Cara a cara. Aquella mujer tendría unos 80 años. Coincidimos en Urgencias pero se la veía serena. La zona de boxes, hasta los topes. Mi fiebre rondaba los 39 grados y acumulaba varios días sin descanso. No podía con la garganta y el tímpano me estallaba. Por lo que comprobé, el espacio era allí un bien escaso. Tocaba hacer pasillo. Me adjudicaron una silla de ruedas para administrar el antibiótico por goteo. Me dio respeto. Jamás me había sentado en una, ni siquiera de niño. Por cosas de mal fario, tentar la suerte o qué sé yo. Allí, en mitad del corredor, me imaginé postrado dentro de un par de décadas. Al levantar la vista, me sorprendió la curiosidad de sus ojos. Permanecer sobre una silla de ruedas no era en su caso una decisión momentánea. Su mirada, en cambio, estaba llena de vida. Firme y amable. Como la cordial despedida y mi recuerdo.
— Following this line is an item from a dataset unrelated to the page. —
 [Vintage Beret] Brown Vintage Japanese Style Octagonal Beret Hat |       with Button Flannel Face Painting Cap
De espalda. Aquel chaval no superaba los 25. En edad de ser tronista, el suyo pasaba por el asiento de cuero de aquella peluquería donde, muy mono, quería vestir de seda. Mi paciencia no pasó de los 30 minutos. Sus continuas indicaciones para modelar aquel cráneo de reminiscencias neandertales resultaban insufribles. La esteticista, de edad similar al guaje, le complacía. Mientras se afanaba en el concienzudo corte de pelo, ambos se felicitaban por su anterior trabajo capilar para sus seguidores de Instagram. Le miré y me devolvió una mirada vacua a pesar de la juventud. Sin vida ni brillo; más allá del pelo, claro está. No aguardé mi turno. Me levanté del sofá, me disculpé ante la peluquera y marché sintiendo sobre mi nuca, y mi cabello puigdemoníaco, el desprecio de su mirada.
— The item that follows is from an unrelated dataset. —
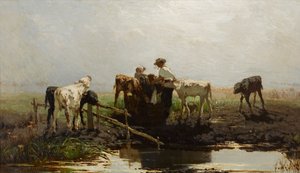 Calves at a Trough by Willem Maris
Frente a la pantalla. En pleno ecuador vital y sobre la silla que me soporta mientras escribo. Digo yo, que ya en este tercer párrafo, sobra decir que la cosa iba hoy de aposentar los reales. Y también de conocer el sitio que a cada cual le corresponde en esta historia. Del universo que dista entre la realidad de una octogenaria y las preocupaciones de un veinteañero. Vivimos más, demasiado como para entendernos y situarnos en el lugar de los demás. Probablemente nunca antes en la historia hubo un salto generacional tan acusado. Hasta el punto que no faltan sociólogos prestos a alertar ante la existencia de dos civilizaciones totalmente incomunicadas en plena era de la información. Es así, bajo la luz de la lámpara que se refleja en la pantalla, cuando me reconozco en el mayor y me alejo del joven que nunca fui. Y pienso en el paso del tiempo y en otras sillas. En el instante en que dejará de sonar la canción y no habrá una sobre la que sentarse. Nos sorprenderemos de pie. Sin entender nada ni a nadie. Justo antes de desaparecer de la pista de baile. Sin hacer ruido.